XInclude and Scales XML


I'm using the Scales library to process XML in Scala, and I'd like to have xi:include elements expanded during parsing. This doesn't happen by default—if I write the following, for example, any include elements in the XML file will appear unexpanded in the parsed document:

import java.io.FileReader
import scales.utils._, ScalesUtils._
import scales.xml._, ScalesXml._

val doc = loadXml(new FileReader("data/example.xml"))
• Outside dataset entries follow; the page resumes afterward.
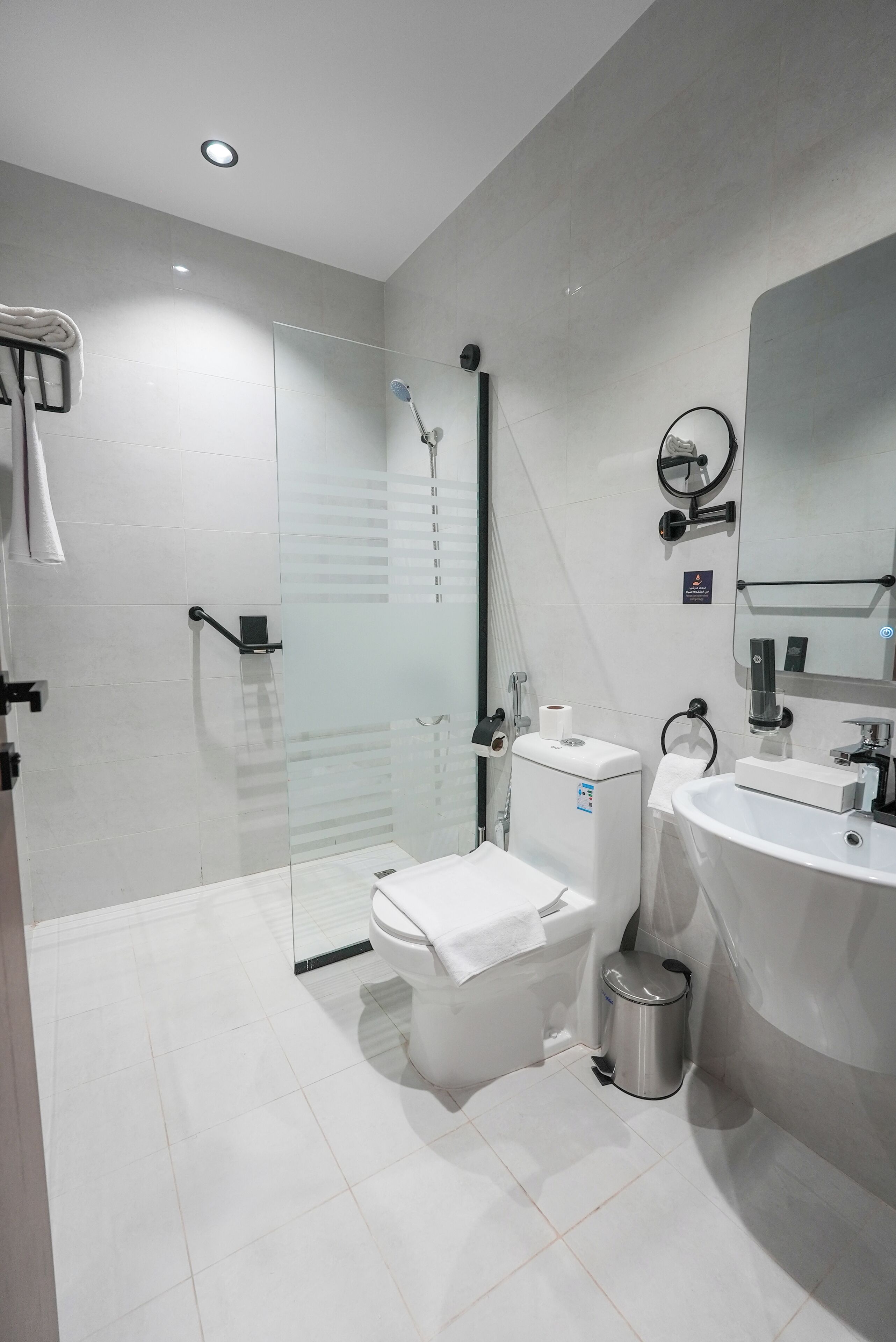 Basic Room | Bathroom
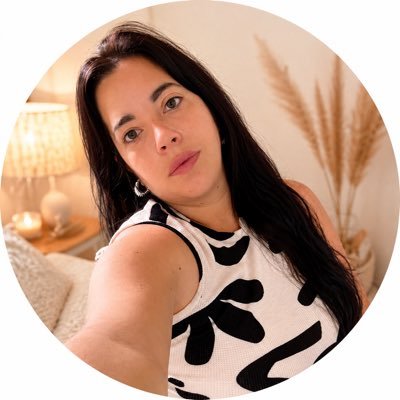 𝐕𝐈𝐎𝐋𝐄𝐓𝐀 💜ᴛʜᴇ ʀᴇᴀʟ ɢᴀꜱꜱʏ ᴍɪʟꜰ 🌬️'s profile picture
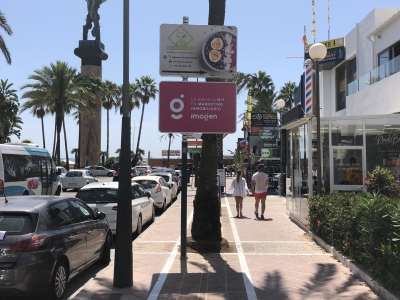 Poste publicitario de 150x50 cm en Marbella, Málaga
Is it possible to have these elements expanded? I'm using Scales 0.6.0-M1.


Solution

  • Yes! It's at least possible. You can write your own SAXParserFactory pool on the model of the provided DefaultSAXParserFactoryPool:

    import javax.xml.parsers.{ SAXParser, SAXParserFactory }
    import scales.utils._, ScalesUtils._
    import scales.xml._, ScalesXml._
    import scales.xml.parser.sax.DefaultSaxSupport
    
    object XIncludeSAXParserFactoryPool extends
      resources.SimpleUnboundedPool[SAXParserFactory] { pool =>
    
      def create = {
        val parserFactory = SAXParserFactory.newInstance()
        parserFactory.setNamespaceAware(true)
        parserFactory.setFeature("http://xml.org/sax/features/namespaces", true)
        parserFactory.setXIncludeAware(true)
        parserFactory.setValidating(false)
        parserFactory
      }
    
      val parsers = new resources.Loaner[SAXParser] with DefaultSaxSupport {
        def loan[X](tThunk: SAXParser => X): X =
          pool.loan(x => tThunk(x.newSAXParser))
      }
    }
    

    Then you can specify the parser pool in your loadXml call:

    val doc = loadXml(
      source = new FileReader("data/example.xml"),
      parsers = XIncludeSAXParserFactoryPool.parsers
    )
    

    Note though that if you have relative URIs in your include hrefs and you want them evaluated relative to the location of the document (rather than the current directory), you'll need to be sure that the InputSource gets the system ID. Here's one way to do this:

    import java.io.File
    import org.xml.sax.InputSource
    
    loadXml(
      source = new InputSource(new File("data/example.xml").toUri.toString),
      parsers = XIncludeSAXParserFactoryPool.parsers
    )
    

    All of the above should work in 0.5.0 as well as 0.6.0.

    If there are better ways to solve this problem, I'd love to hear them.